A team needs to identify which parts of the project they are working on will require AI and which will not. In addition, they need to determine technology and data requirements.
Which method should be used?
PMI-CPMAI describes a very practical early-stage activity: breaking down a solution into components or sub-functions and then deciding which components actually require AI and which do not. This is often referred to as a components-based analysis. The idea is to decompose the overall workflow or product into units such as data ingestion, preprocessing, prediction, rule-based decisioning, user interface, reporting, and integration layers.
For each component, the team asks:
Does this require cognitive capability (learning from data, pattern recognition, probabilistic reasoning)?
Or can it be handled by conventional software, rules, or existing systems?
At the same time, they identify technology and data requirements: data sources, data quality, storage, pipelines, compute needs, and integration points for each AI-relevant component. PMI-CPMAI ties this directly into later tasks such as technical feasibility, architecture design, and MLOps planning.

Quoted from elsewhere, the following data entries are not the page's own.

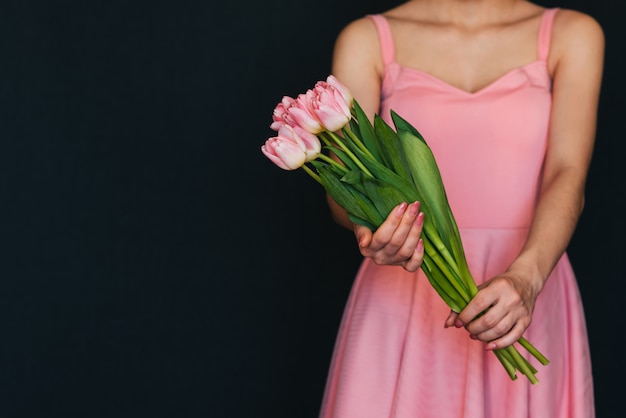 Bouquet of pink tulips in the hands of a girl in a dress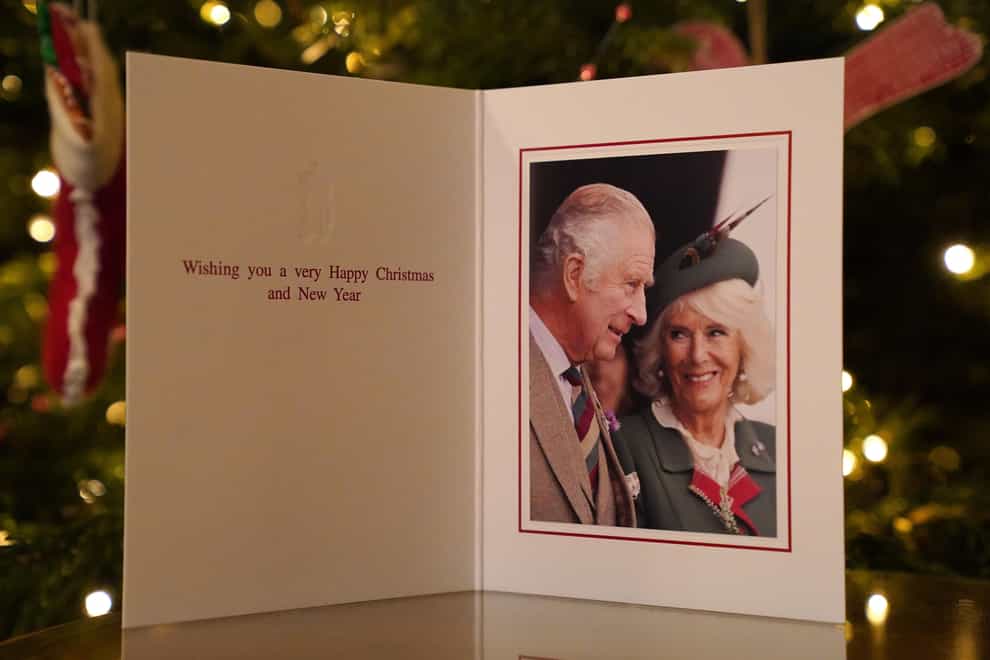 The King and Queen Consort have chosen a photograph taken at a Highland Gathering for their Christmas card this year (Jonathan Brady/PA)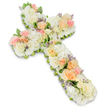 A large, reverent floral cross lies against a clean white background, its shape completely covered in a soothing blend of white and pastel flowers that evoke quiet sympathy and faith. The cross itself is full and rounded, with no gaps visible, built from layers of tightly packed white and creamy blooms that give it a dense, luxurious texture. At intervals along the length and arms of the cross, clusters of roses in soft peach, apricot, and the palest blush pink rise slightly above the white base, drawing subtle lines of colour that guide the gaze and add gentle warmth. Nestled between these feature roses are numerous white hydrangea petals and small white spray roses or similar blossoms, so that every inch appears richly decorated. Small touches of lavender-hued filler flowers punctuate the arrangement, bringing tiny, carefully placed notes of pale purple that add intricacy and visual interest. Fine sprigs of fresh greenery can be seen peeking at the edges, tracing the outline of the cross and providing contrast against both the flowers and the bright background. The lighting is even and natural, highlighting the softness of the petals and the thoughtful craftsmanship behind the piece. This floral cross feels like a deeply respectful tribute that would be placed near the coffin or at the front of a chapel in Canonbury, offering comfort to mourners and symbolising hope, eternal life, and the enduring love that surrounds a farewell service.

Detailed data mapping (option A) is useful but focuses mainly on information flows, not necessarily on AI vs non-AI partitioning. Technical feasibility assessment (option B) evaluates whether a proposed AI approach is realistic but presumes that the AI portions are already identified. Only components-based analysis (option C) simultaneously answers ''which parts need AI, which do not, and what are the tech/data needs for each?'', which matches the scenario precisely.